* [INFORMATION SHOWN]
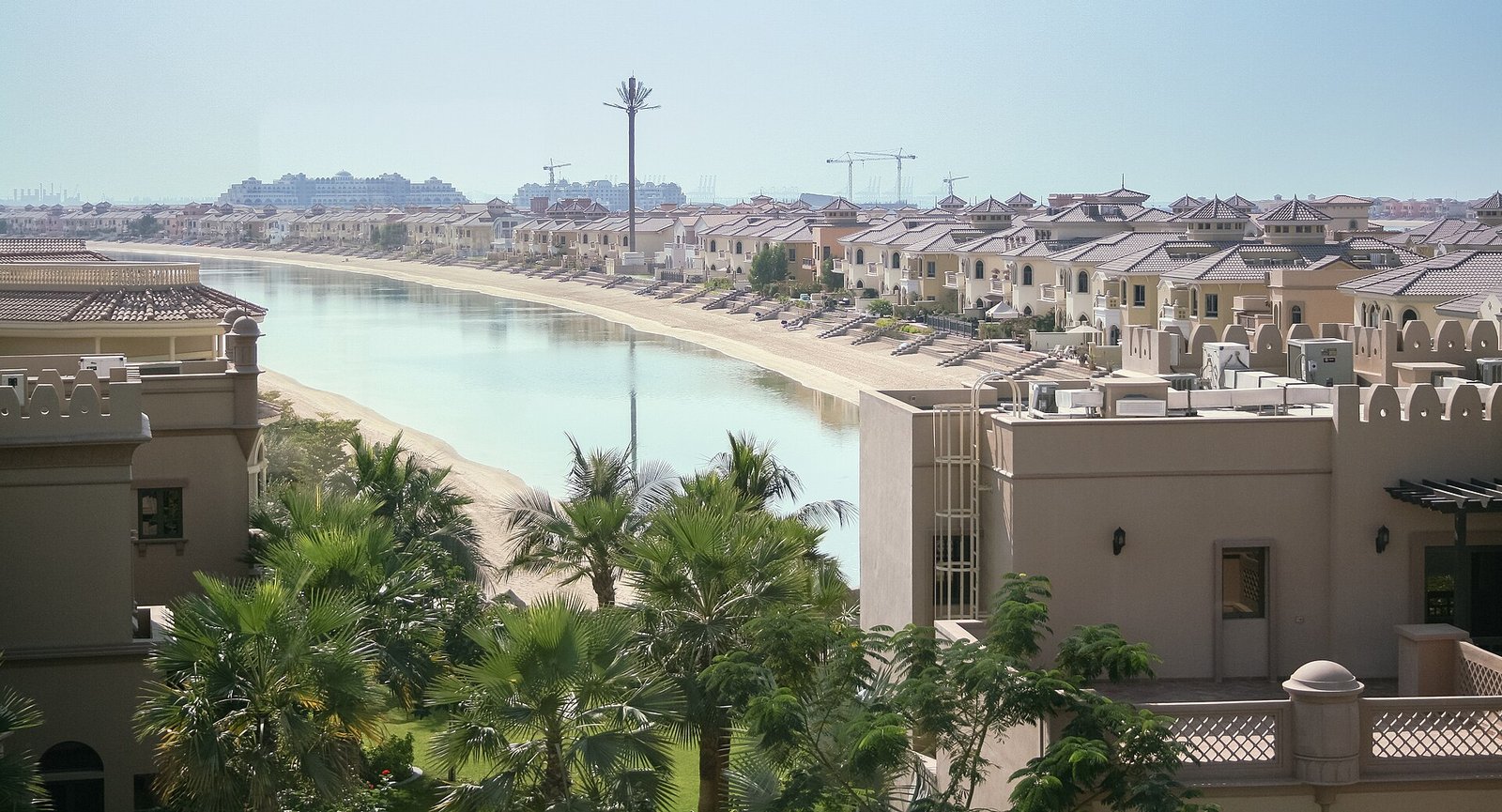 Palm gardens and a long pool winding between the sand-colored villas of Qasr Al Sarab resort in the Liwa desert, Abu Dhabi.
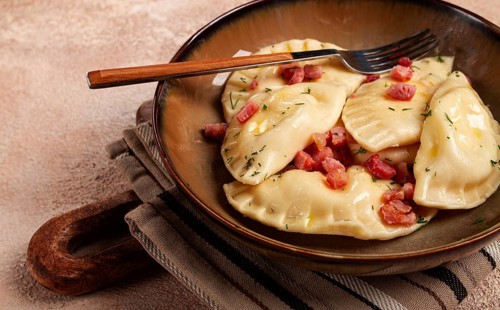 Dumplings, with fried prosciutto, a traditional dish of Polish cuisine, dumplings, top view,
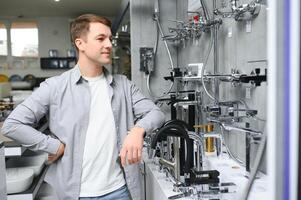 une acheteur achats pour salle de bains équipement dans Matériel magasin. émouvant robinet grue ou l'eau robinet photo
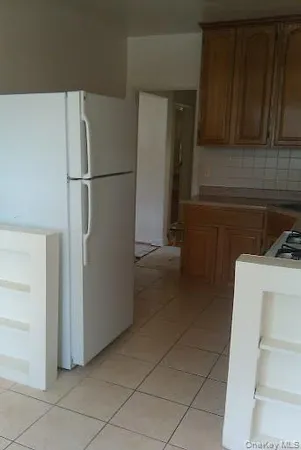 a kitchen with a refrigerator and cabinets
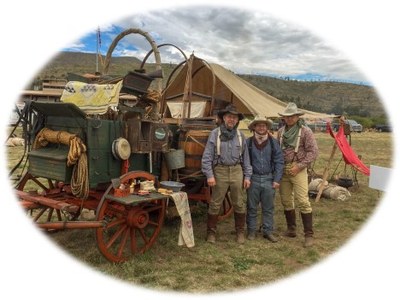 People in western wear standing in front of a chuck wagon.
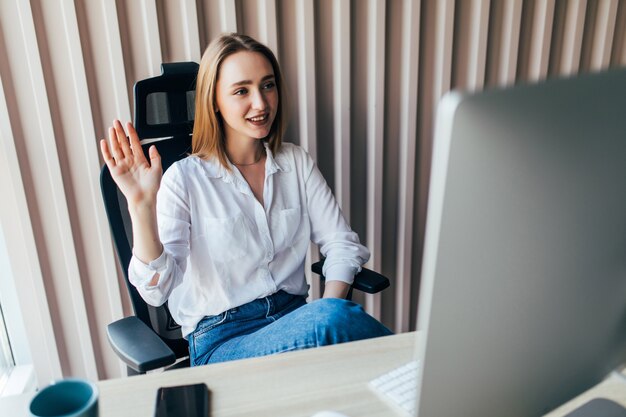 Young pretty woman having video call via laptop in the office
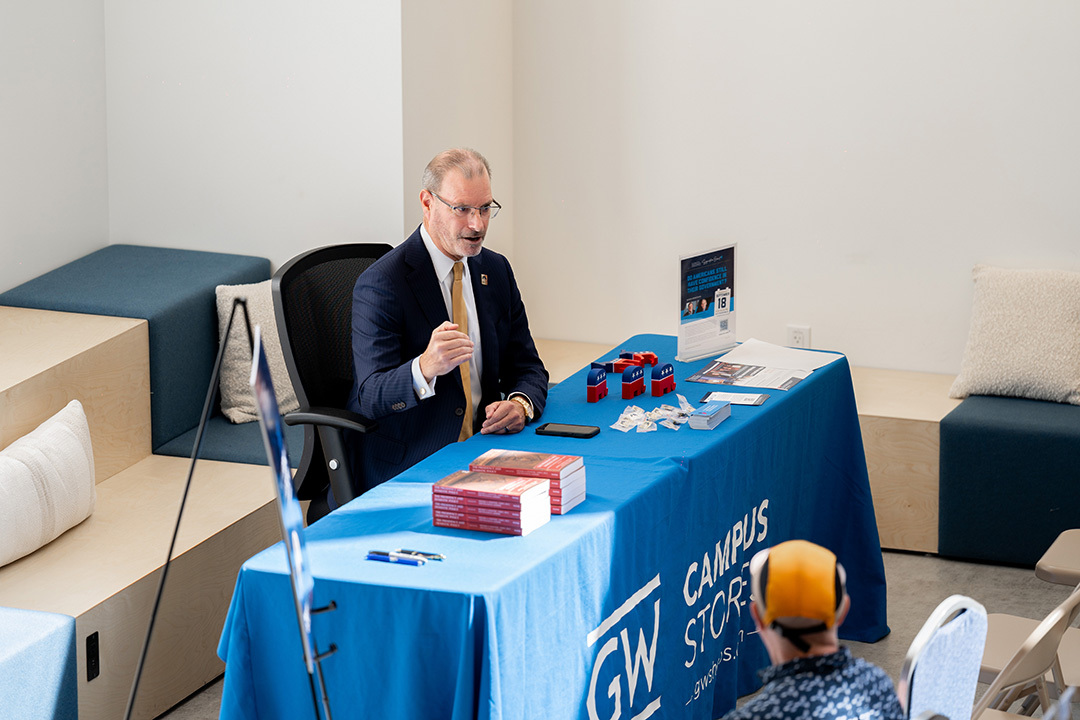 Todd Belt sitting at a GW campus store table, signing copies of his new book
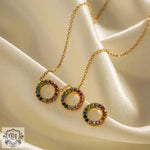 Gold necklace featuring vibrant gemstone circles in an 18K Gold Circle Design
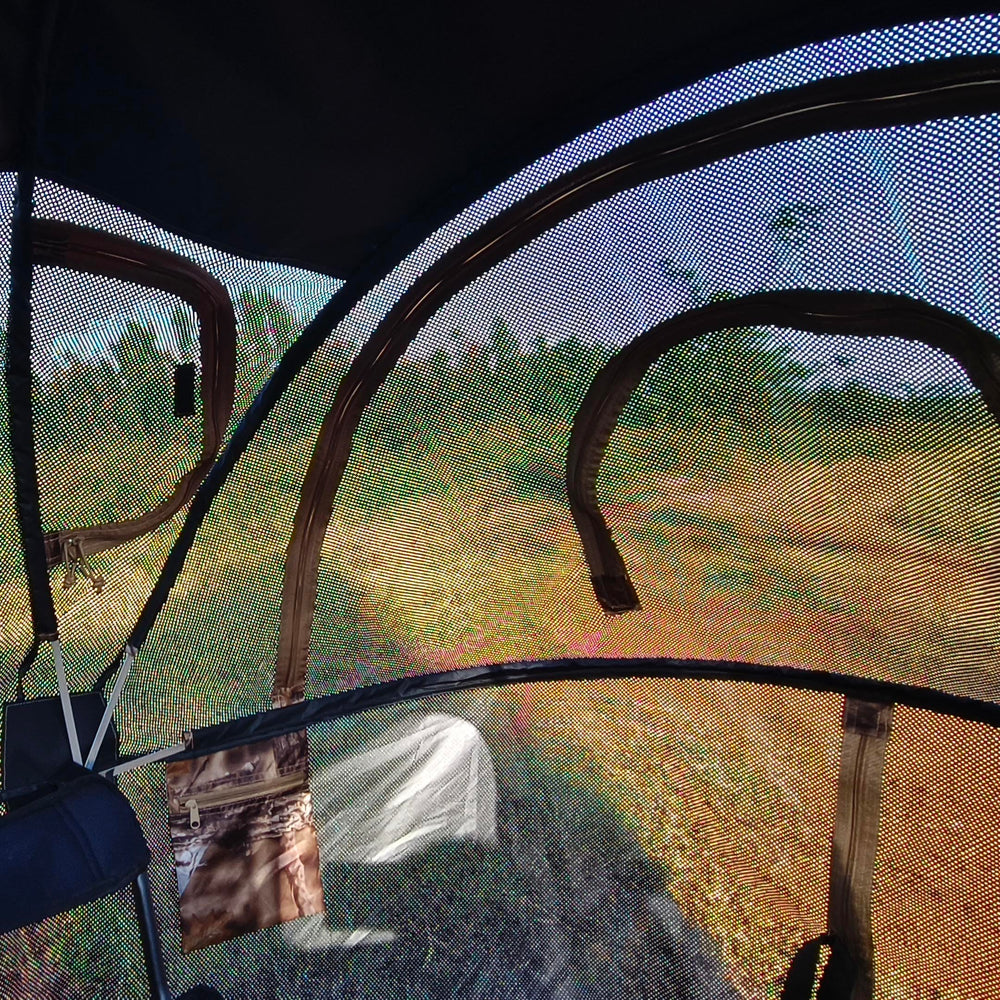 AUSCAMOTEK woodland camouflage blends with surroundings for concealment.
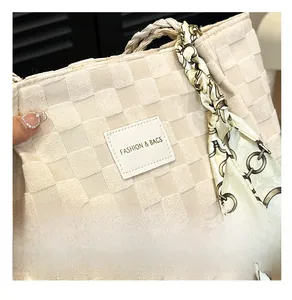 Detail der cremefarbenen Tasche mit Schachbrett-Textur und elegantem Seidenschal-Accessoire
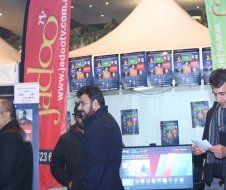 A group of men are standing in front of a sign that says jadootv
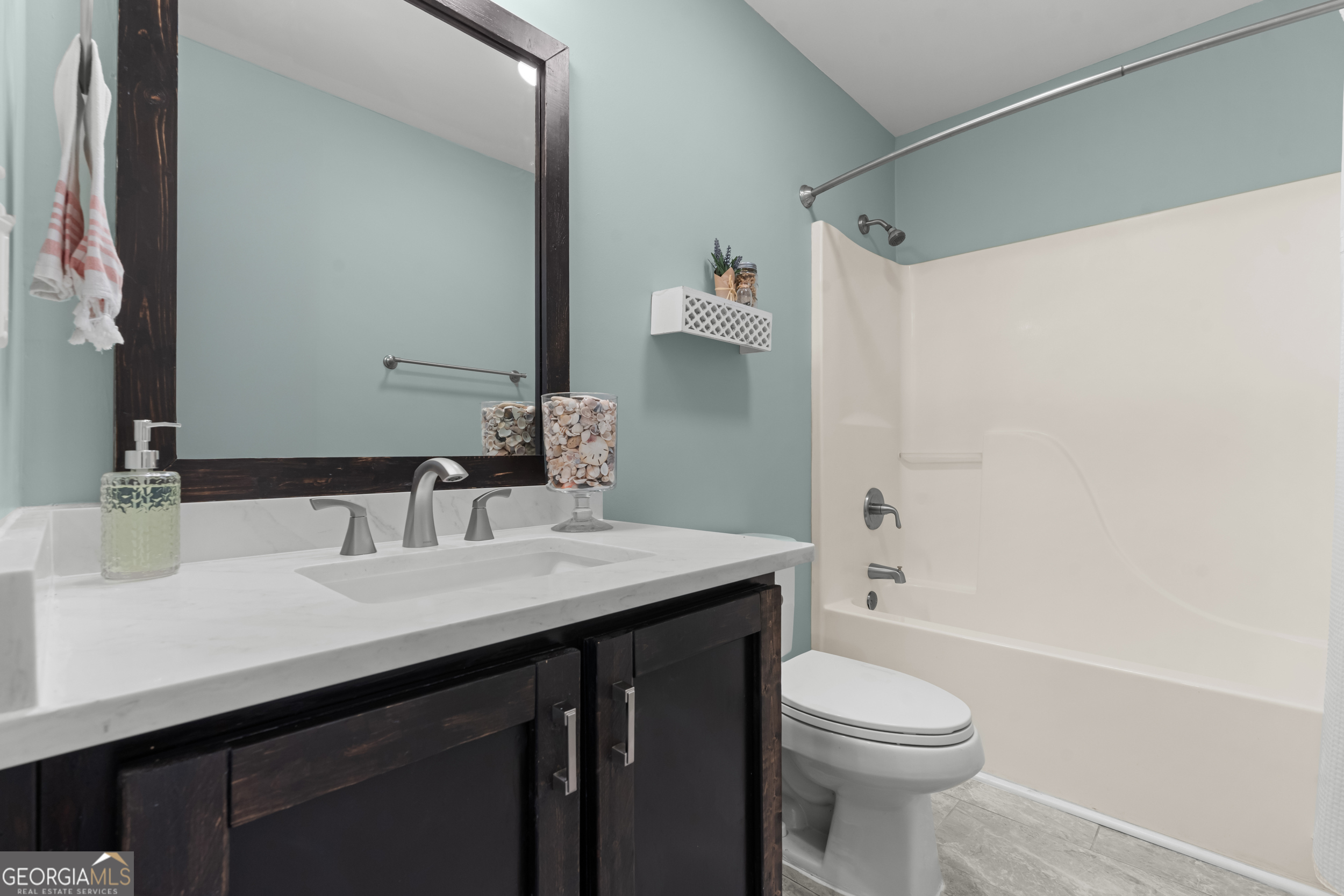 357 Pound Road Guyton, GA 31312 - Photo 23 of 49 a bathroom with a sink a toilet a mirror and shower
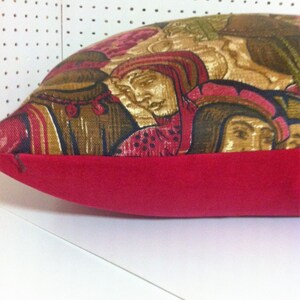 May include: A red and gold patterned pillow with a red velvet border. The pattern features a group of people in medieval clothing.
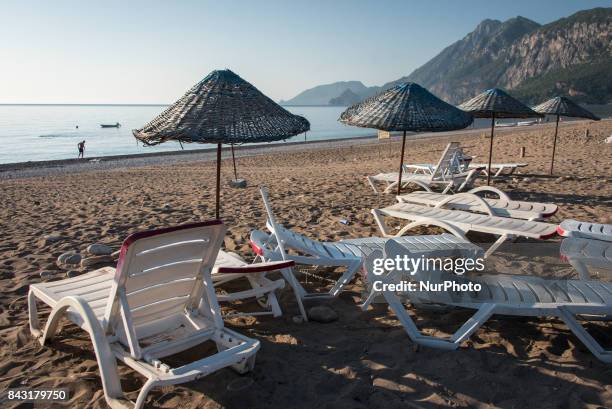 An empty beach and empty beach chairs near the scenic Mount Olympos in Cirali, Turkey in the early morning on 3 September 2017. Turkey's tourism...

* [TASK OBJECTIVE] Could the lines from the one with "AUSCAMOTEK woodland camouflage" through the last line of the material above be written out exactly, both included, with pictures left out?

* [WRITTEN RESPONSE]
 AUSCAMOTEK woodland camouflage blends with surroundings for concealment.
 Detail der cremefarbenen Tasche mit Schachbrett-Textur und elegantem Seidenschal-Accessoire
 A group of men are standing in front of a sign that says jadootv
 357 Pound Road Guyton, GA 31312 - Photo 23 of 49 a bathroom with a sink a toilet a mirror and shower
 May include: A red and gold patterned pillow with a red velvet border. The pattern features a group of people in medieval clothing.
 An empty beach and empty beach chairs near the scenic Mount Olympos in Cirali, Turkey in the early morning on 3 September 2017. Turkey's tourism...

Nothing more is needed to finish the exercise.